Starring Michael Shannon, Andrew Garfield, and Laura Dern, 99 Homes is a thriller about Florida in the throes of the housing crisis. Garfield and Dern play Dennis and Lynn Nash, a son and mother forced out of their family home. Shannon is their evictor, Rick Carver, a man with a new car, more McMansions than mistresses, and a gun concealed in an ankle holster. While Rick does his best to value practicality over sentimentality, he sees something in the distraught Dennis and offers him a job. To work for Rick is to work for the enemy, and to survive.
RAMIN BAHRANI: Did you know Michael is in a rock-‘n’-roll band?
EMMA BROWN: I did.
BAHRANI: It’s pretty cool, have you ever heard him play?
BROWN: No.
BAHRANI: I have heard him three times I think now.
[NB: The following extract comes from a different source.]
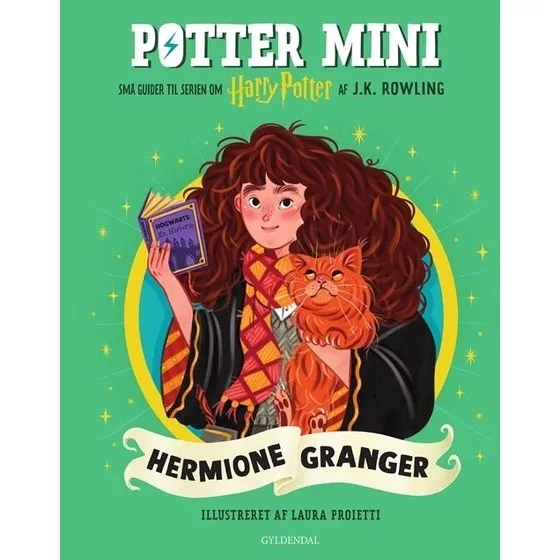 Potter Mini - Hermione Granger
He’s pretty damn good.
MICHAEL SHANNON: That’s the side that I want people to know about me—the rock-‘n’-roll side. I might actually retire from acting and just do music.
BAHRANI: And my films.
BROWN: I think you have too many directors that you’re committed to for you to retire from acting.
SHANNON: Yeah Ramin, Jeff [Nichols], Liza Johnson…
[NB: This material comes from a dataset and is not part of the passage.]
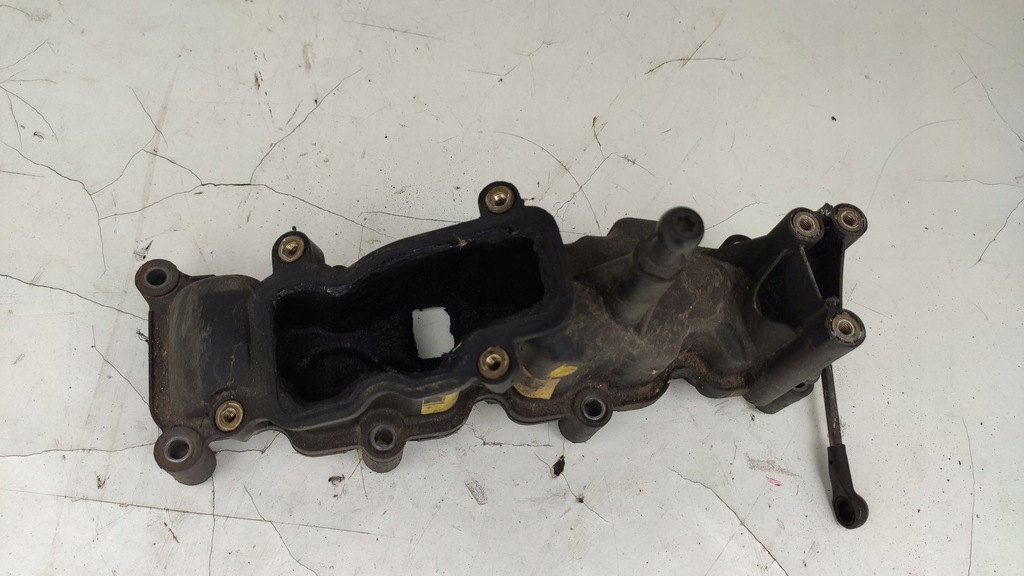 фото №3, Audi a4 a6 3.0 tdi колектор всмоктуючий 059129712t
BAHRANI: For this new thing I’m writing now, every time Michael’s character comes in the script I put Talking Heads on.
SHANNON: That’s my favorite band, Talking Heads.
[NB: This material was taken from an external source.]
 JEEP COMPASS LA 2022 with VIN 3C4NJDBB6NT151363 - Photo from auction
BROWN: Ramin, you said that as soon as you got down to Florida to research 99 Homes, you realized it was going to be a thriller. What kind of movie did you think it was going to be before that?
BAHRANI: I didn’t know exactly what it would be but I assumed it was going to be a social drama. I thought it would be really good. Then when I got down to Florida, a couple of things happened. One was, immediately the structure hit me—quite quickly actually—this deal with the devil film. The guy who gets kicked out of his home, starts to work for the very man who kicked him out, and then he himself gets to the point of evicting people. That seemed like enough for a movie. The more research I did and the more I spent time there, the more I realized that there’s actually some other thing going on, which is guns, violence, deep corruption, thievery, gaming the system, and cons. There was something visceral and frightening about it. I remember when I showed photographs of the real-estate broker to someone and they saw the gun on his ankle, they were like, “Is it a detective?” These were some of the responses I would get early on. I was like, Wow, this could have the gangster element of a guy training this young lad into the seduction of crime. Personally, I liked it as a creative challenge—to do something I hadn’t done. I’ve been trying to continue to push myself into things that I don’t quite know and I’ve never done before. I wanted to push myself creatively as a filmmaker. I thought it could also be new for an audience—when was the last time you saw a humanist thriller or a social thriller?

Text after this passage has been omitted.